Journalism under siege
The deterioration in the quality of Turkey’s media is due, according to Çavuş, to a lack of training and competence among journalists, and to an economic model that is primarily interested in profit and clicks, putting journalists under both political and financial pressure. “Quality is the most critical thing – journalists don’t know where to take information from or how to check it,” she explains. Teyit, along with other independent platforms such as P24, regard better training as key to improving and strengthening Turkish journalism, alongside media literacy initiatives targeted at the public.
Bildirici retains a somewhat hopeful view, despite being keenly aware of the challenges: “Confidence in the media has decreased to a very low level. But still, people are making an effort to find trustworthy information. Despite everything, the media remains the main source of information for people. It will continue to be so.” From its current embattled state, however, Turkish media faces an uphill challenge to win back credibility and public trust. With a critical mass of the media now effectively under government control, and with the prevailing atmosphere of fear leading even the most principled journalists and editors to engage in self-censorship, it is difficult to be optimistic about whether Turkey’s media can provide the space for public debate so crucial to meaningful democratic processes. As well as its tendency to report the government’s rhetoric uncritically, media in Turkey often publish incendiary commentary bordering on hate speech, aggravating tensions against vulnerable groups such as minorities and refugees and further polarising the country.

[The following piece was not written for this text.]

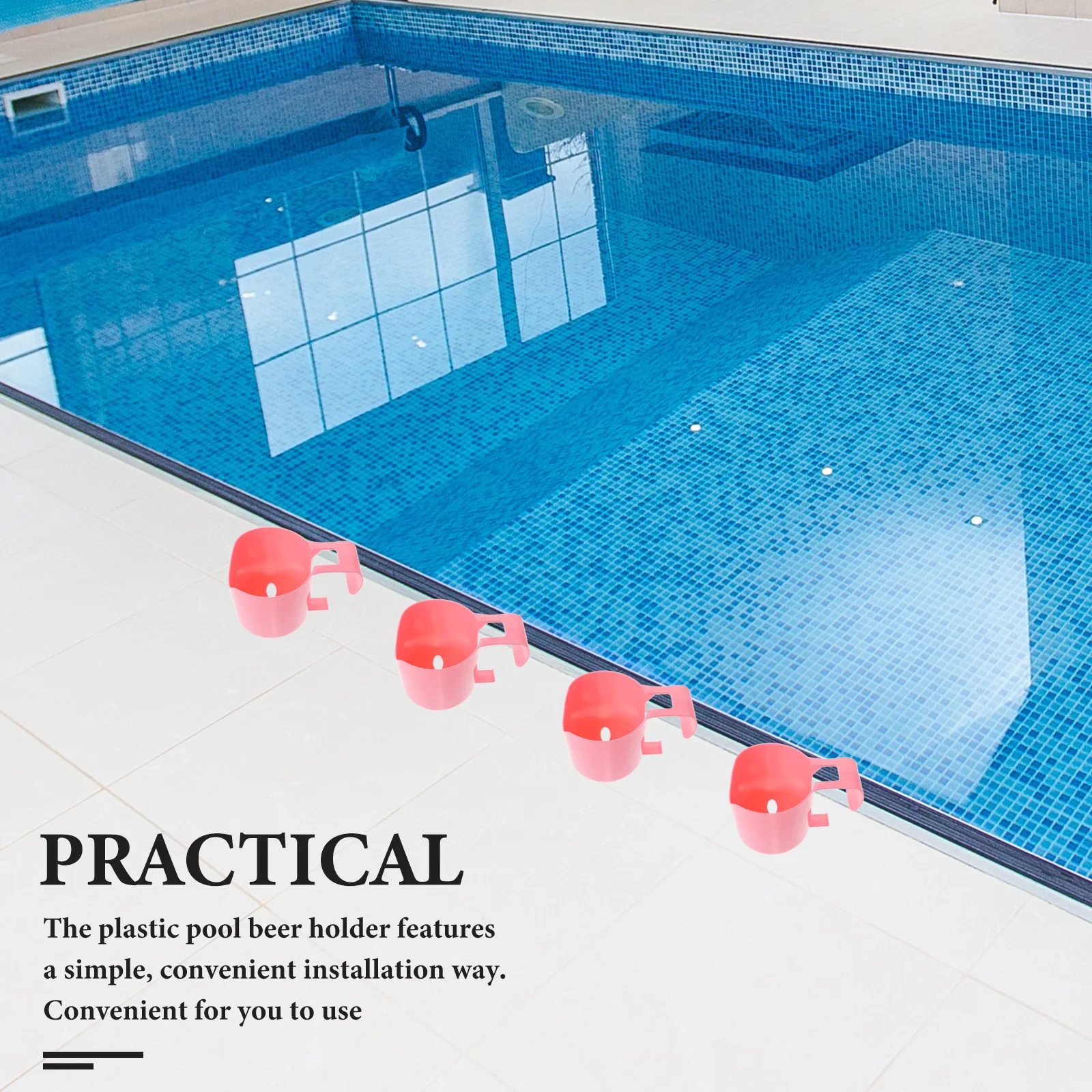 

4Pcs Swimming Pool Cup Holder Plastic Drink Rack Pool Side Beverage Holder for Bottles Cans Wine Glasses Beverage Cup Holders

The extent of the ʽcapture’ of media by governments is reaching alarming levels across Europe. Independent media are undermined if not attacked outright, whereas outlets serving as vehicles for governments’ narratives are bolstered by subsidies. In the case of Turkey, total compliance is a requirement not only for economic reward, but simply to survive, as the fall of the Dogan Group demonstrates. In this context, transnational alliances of fact-checking projects across Europe, such as the International Fact-Checking Network, could be a lifeline for independent media in countries such as Turkey, helping to provide legitimacy, as well as much-needed support and solidarity. In light of the pervasive nature of fake news and its proven capacity to distort public debate across national boundaries, reinforcing such networks would be a wise move for European policy-makers looking to protect democratic debate both at home and abroad. For EU countries seeking to preserve media pluralism, Turkey should serve as a cautionary tale. As the Turkish writer Ece Temelkuran warned in a prophetic piece: “We thought our own tool, the ability to question and establish truth, would be adequate to keep the discourse safe. It wasn’t.”